» **Records provided**:
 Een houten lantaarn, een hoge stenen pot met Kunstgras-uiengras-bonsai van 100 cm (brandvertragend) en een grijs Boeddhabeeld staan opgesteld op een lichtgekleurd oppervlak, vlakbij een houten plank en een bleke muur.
--
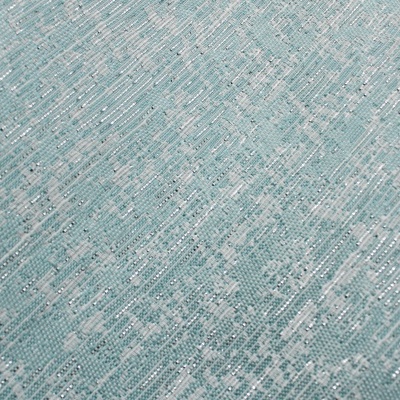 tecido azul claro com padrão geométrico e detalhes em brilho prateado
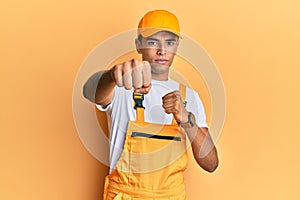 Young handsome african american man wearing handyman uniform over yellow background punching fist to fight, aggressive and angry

» **Work to complete**:
Above are the records; please give again, exactly and in full, only the lines that run from the line with "tecido azul claro" through the line with "Young handsome african", with no pictures.

» **Task output**:
 tecido azul claro com padrão geométrico e detalhes em brilho prateado
 Young handsome african american man wearing handyman uniform over yellow background punching fist to fight, aggressive and angry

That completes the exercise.